L’égalité entre enfants dans la planification successorale

Estate Planning & Fiscalité - 12 septembre 2022

Réduire les droits de succession grâce à un testament

Rédigé par Benoît Verschueren - Senior Estate Planner

Un testament vous permet de déroger au droit successoral légal. Dans ce cadre, vous pouvez octroyer une part plus ou moins grande à vos héritiers légaux ou encore désigner d’autres bénéficiaires de votre succession. Le testament présente en outre l’avantage d’être une technique de planification très flexible. Vous pouvez toujours adapter, révoquer ou affiner un testament de votre vivant tant que vous en êtes capable. Ce n’est pas le cas pour une donation, qui est en principe irrévocable.

Une bonne planification patrimoniale commence par des informations fiables. Vous hésitez quant à la répartition concrète de votre succession selon la loi ? Votre Private Banker ou Personal Banker se fera un plaisir de vous renseigner à ce sujet.

Tranquilité d’esprit et aspects civils

La liberté de déroger au droit successoral légal n’est pas illimitée si vous êtes marié(e) ou si vous avez des enfants. Ces derniers héritiers sont en effet protégés par la loi et ont toujours droit à une part minimale légale dans votre succession, il s’agit de la réserve héréditaire. Les enfants ont par exemple globalement droit à une réserve héréditaire d’une moitié de votre patrimoine reconstitué au moment de votre succession. L’autre moitié constitue la quotité disponible dont vous pouvez disposer librement. Si vous n’êtes pas marié(e) et si vous n’avez pas d’enfants, vous disposez d’une liberté totale afin d’organiser votre succession selon vos propres souhaits par testament.

Avec un testament, vous déterminez en premier lieu comment vos biens (ou une partie de ceux-ci) doivent être partagés au moment du décès. Vous pourriez par exemple régler l’attribution de l’habitation familiale, désigner une œuvre caritative ou impliquer en partie vos petits-enfants dans l’héritage. En outre, vous avez également la possibilité de lier des conditions, charges et modalités supplémentaires à l’attribution de votre succession. Si vous ne vous sentez pas encore prêt à procéder à des donations, un testament constitue un « filet de sécurité » en cas de décès inopiné. Vous êtes aux commandes du navire et vous déterminez vous-même le cap à suivre pour votre tranquilité d’esprit.

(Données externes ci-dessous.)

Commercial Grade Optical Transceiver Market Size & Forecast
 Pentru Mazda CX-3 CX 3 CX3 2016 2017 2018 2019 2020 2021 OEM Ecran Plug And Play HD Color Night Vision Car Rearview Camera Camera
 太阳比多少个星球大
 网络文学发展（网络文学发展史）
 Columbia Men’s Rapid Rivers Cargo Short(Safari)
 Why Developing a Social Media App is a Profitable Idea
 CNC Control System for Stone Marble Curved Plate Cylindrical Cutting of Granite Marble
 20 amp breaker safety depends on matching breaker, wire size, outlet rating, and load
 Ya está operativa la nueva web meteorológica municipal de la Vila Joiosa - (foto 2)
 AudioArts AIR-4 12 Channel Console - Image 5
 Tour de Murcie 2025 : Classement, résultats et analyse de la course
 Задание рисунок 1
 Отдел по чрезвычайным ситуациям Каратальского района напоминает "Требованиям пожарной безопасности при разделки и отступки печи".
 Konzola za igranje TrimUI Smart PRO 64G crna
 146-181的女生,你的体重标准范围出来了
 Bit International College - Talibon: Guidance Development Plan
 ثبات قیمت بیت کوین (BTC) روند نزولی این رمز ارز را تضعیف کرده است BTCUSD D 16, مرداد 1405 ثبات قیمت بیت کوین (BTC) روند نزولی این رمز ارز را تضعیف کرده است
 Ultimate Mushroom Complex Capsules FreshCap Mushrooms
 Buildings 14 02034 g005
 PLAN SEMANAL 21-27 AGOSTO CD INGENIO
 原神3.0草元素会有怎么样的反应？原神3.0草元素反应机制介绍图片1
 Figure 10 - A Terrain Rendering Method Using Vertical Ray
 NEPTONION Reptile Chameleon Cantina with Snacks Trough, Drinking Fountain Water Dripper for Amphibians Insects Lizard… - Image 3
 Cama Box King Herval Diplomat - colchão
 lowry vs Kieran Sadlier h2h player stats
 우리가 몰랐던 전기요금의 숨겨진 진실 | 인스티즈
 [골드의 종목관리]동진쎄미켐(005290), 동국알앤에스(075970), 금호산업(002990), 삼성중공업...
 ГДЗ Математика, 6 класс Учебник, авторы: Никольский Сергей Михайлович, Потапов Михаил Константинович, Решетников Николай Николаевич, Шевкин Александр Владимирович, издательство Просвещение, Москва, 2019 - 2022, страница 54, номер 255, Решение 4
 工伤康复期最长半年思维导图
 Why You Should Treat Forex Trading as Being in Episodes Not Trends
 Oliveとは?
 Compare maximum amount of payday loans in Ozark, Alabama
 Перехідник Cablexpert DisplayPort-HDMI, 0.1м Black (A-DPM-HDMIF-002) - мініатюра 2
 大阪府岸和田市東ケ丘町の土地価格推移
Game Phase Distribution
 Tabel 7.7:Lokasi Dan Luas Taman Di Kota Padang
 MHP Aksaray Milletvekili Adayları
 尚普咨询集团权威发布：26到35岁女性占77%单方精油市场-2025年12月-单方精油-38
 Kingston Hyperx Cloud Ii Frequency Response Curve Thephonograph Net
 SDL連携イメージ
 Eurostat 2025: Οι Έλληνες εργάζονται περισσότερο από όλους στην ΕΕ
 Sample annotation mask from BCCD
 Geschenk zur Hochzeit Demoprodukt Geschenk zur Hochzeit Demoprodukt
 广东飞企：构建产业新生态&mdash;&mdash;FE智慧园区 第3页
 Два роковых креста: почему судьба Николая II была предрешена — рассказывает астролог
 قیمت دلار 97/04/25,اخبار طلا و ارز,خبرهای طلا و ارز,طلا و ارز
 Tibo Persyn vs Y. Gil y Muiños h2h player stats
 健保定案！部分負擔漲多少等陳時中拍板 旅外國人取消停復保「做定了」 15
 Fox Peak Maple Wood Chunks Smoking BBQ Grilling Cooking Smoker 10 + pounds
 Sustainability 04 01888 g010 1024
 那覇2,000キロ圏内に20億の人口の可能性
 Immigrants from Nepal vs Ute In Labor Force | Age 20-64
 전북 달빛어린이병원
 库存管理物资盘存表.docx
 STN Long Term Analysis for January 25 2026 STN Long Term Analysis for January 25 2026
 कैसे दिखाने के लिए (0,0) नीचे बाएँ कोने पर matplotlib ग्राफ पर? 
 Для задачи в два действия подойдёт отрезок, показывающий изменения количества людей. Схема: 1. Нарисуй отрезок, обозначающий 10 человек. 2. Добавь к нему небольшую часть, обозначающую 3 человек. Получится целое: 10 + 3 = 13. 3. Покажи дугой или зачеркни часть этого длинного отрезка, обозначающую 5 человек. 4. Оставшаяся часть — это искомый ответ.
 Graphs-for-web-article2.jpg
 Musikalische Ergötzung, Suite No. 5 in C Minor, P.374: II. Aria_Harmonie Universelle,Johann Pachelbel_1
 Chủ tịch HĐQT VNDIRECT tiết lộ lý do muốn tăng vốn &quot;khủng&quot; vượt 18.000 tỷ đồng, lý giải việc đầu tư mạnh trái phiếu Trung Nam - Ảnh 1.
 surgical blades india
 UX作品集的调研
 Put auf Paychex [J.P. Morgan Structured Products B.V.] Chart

Le principal avantage d’un testament est de rester maître de votre patrimoine de votre vivant. Votre testament ne sort ses effets qu’au moment du décès.

Des opportunités fiscales existent-elles aussi ?

Donation

Des droits de succession sont dus par les héritiers sur les biens qu’ils recueillent par testament. La pression fiscale dépend de l’importance de la succession et du lien de parenté entre le défunt et le ou les légataires. Ainsi, les enfants ou le conjoint survivant bénéficient de taux en ligne directe (en Région flamande, ces taux sont compris entre 3 et 27 %, en Région wallonne et en Région de Bruxelles-Capitale entre 3 % et 30 %) et les frères et sœurs de taux en ligne collatérale (entre 25 % et 55 % en Région flamande, entre 20 % et 65 % en Région wallonne et en Région de Bruxelles-Capitale). En général, les taux des droits de succession sont nettement plus élevés que ceux applicables aux donations (les « droits de donation »).

Vous trouverez un aperçu de tous les taux en vigueur en Région flamande sur le site Web de l’Administration fiscale flamande. Pour les taux en Région wallonne et en Région de Bruxelles-Capitale, vous pouvez consulter le site Web du Service public fédéral Finances.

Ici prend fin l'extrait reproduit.